Феномен это, увы, очень распространенный. Я сам на нем рос – и долго старался от него избавиться. Стараюсь, наверное, и до сих пор – ведь, с одной стороны, ты понимаешь, что нужно за службой правильно держаться, следить за своими действиями, голосом и дикцией, а с другой – постоянно ловишь себя на мысли, что это убивает молитву. Явление «работы на публику», а то и «на камеру», не чуждо нынешнему Патриарху (хотя с годами оно постепенно уходит), очень сильно оно присутствовало у митрополита Филарета (Вахромеева), в немалой степени – у митрополита Питирима (Нечаева). Но вот у владыки Антония оно было доведено до «совершенства». Человек, блестяще выглядевший как живой святой, как символ «Православия с человеческим лицом», на самом деле был весьма прагматически устроен и имел как бы два лица: одно для «закулисья», другое для «публики».


Неплохо, что в ходе Патриаршего визита все-таки сдержанными оказались оценки идола нашей либеральной интеллигенции – митрополита Антония (Блума), самоправедного нарцисса, чьи довольно банальные рассуждения популяризировали в России Би-Би-Си и восторженные дамочки, которые превращали его беседы в книги (тексты, которые старец сам писал на машинке, я видел – эх…). Симптоматично, что из общины сего иерарха быстро уходили практически все самостоятельно мыслящие и церковно активные люди – как русские, так и обратившиеся в Православие англичане.
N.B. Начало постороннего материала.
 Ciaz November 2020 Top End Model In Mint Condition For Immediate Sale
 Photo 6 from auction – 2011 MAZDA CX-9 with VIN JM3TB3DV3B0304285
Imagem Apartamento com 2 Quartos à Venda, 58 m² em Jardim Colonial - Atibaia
Культ его, который мне всегда был отвратителен, основан на незнании реальной личности, и Патриарх все-таки это понимает. Кстати, симптоматично: он вспомнил, с какими интонациями говорилась проповедь митрополита Антония, когда он того в юности впервые услышал, но о чем шла речь – конечно, вспомнить не смог. Вот такой это был человек – человек «святого имиджа», тщательно выпестованного.[68]
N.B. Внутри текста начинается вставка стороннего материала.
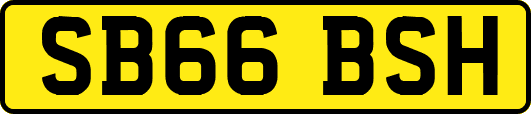 SB66BSH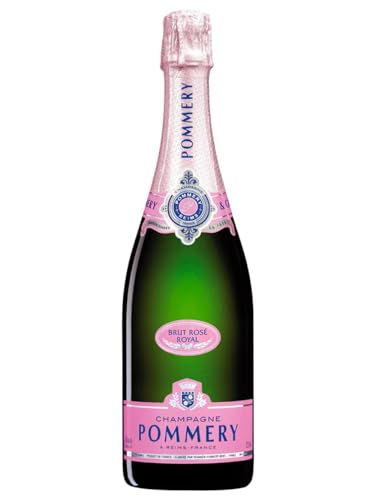 Pommery Champagner Brut Rosé 0,75l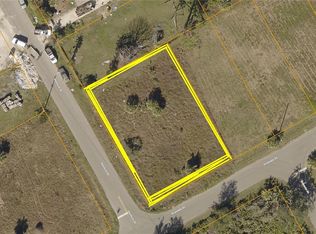 Granada Lots 25 & 26 Dr LOT 25-26, North Pt, FL 34287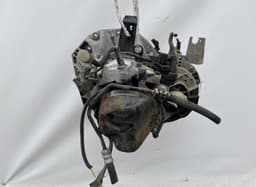 NISSAN Gearbox NISSAN KUBISTAR (2003-2009) — thumbnail 4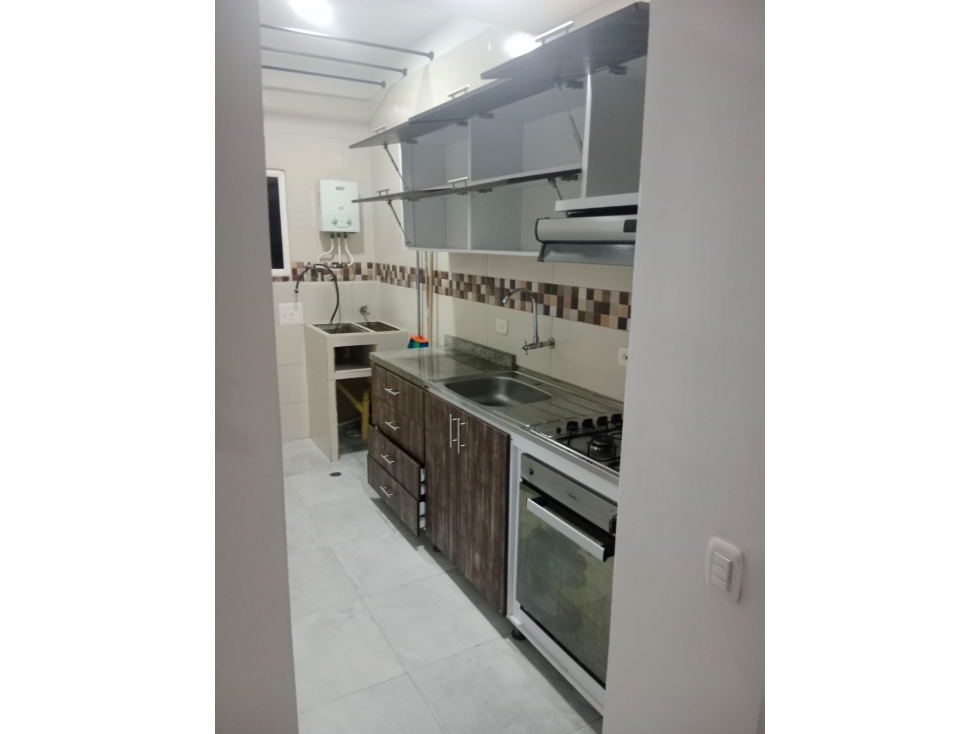 Se vende Apartamento S. Villa Liliana Armenia Quindío — foto 2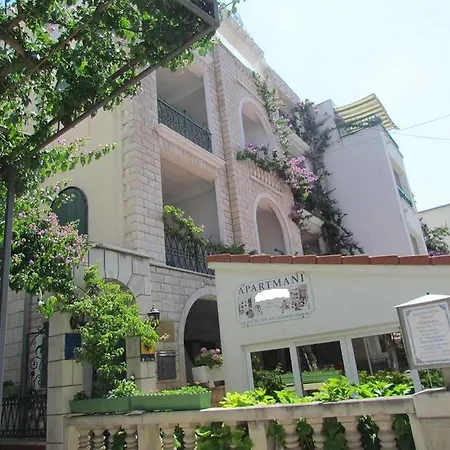 Apartment Apartments Ratac Makarska Makarska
Английская кухня мне никогда не нравилась, и я в этом солидарен с митрополитом Иларионом, любившим говорить: “I hate fish and chips”. Но вот что в Великобритании неповторимо – так это ритуалы приема пищи. Даже в простой университетской студенческой столовой они выработаны веками и непременно соблюдаются, особенно при начале и окончании трапезы. А званый ужин предполагает – даже в небольшом здании – четыре смены помещения: одно для аперитива, второе для собственно ужина с распланированной рассадкой, третье для диджестива и четвертое для кофе, опять с рассадкой, но уже вольной. Иногда можно повторно использовать, например, первое помещение в последнем случае, а аперитивы подать в прихожей, но «переходы» непременны.
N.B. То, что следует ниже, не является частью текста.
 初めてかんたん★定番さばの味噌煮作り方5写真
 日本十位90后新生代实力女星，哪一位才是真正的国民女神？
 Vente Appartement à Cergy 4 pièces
Другая культурная достопримечательность – британские газоны. Известен анекдот об англичанине, которого спросили, почему они такие ровные.

– Секрет очень прост, – ответил он. – Надо каждый день выходить из дома и стричь газон. И так шестьсот лет.

Мигрантов в британских городах – пруд пруди. Уже в годы моей учебы треть жителей Бирмингема была индийского, пакистанского, арабского, африканского происхождения. Но интеграционные механизмы в Британии работают получше, чем в странах, кичащихся «научной» мультикультурностью. Наверное, главные секреты – в колониальном опыте и в социальных лифтах, не закрывающих двери для людей самого неожиданного происхождения. Посмотрите, например, на британскую поп-музыку. Из коренных жителей в ней заметен, пожалуй, только Элтон Джон, да и тот уже в летах преклонных. А вот следующее поколение – Фредди Меркьюри, Джордж Майкл – происходили из мигрантской среды. Сегодня выходцев оттуда в популярной музыке еще больше, да и сама она подчас имеет неевропейские корни. Конечно, интегрироваться мигрантов принуждает и жесткая воля правоохранительных структур. Но пришествие радикального ислама может когда-нибудь даже эту волю переломить…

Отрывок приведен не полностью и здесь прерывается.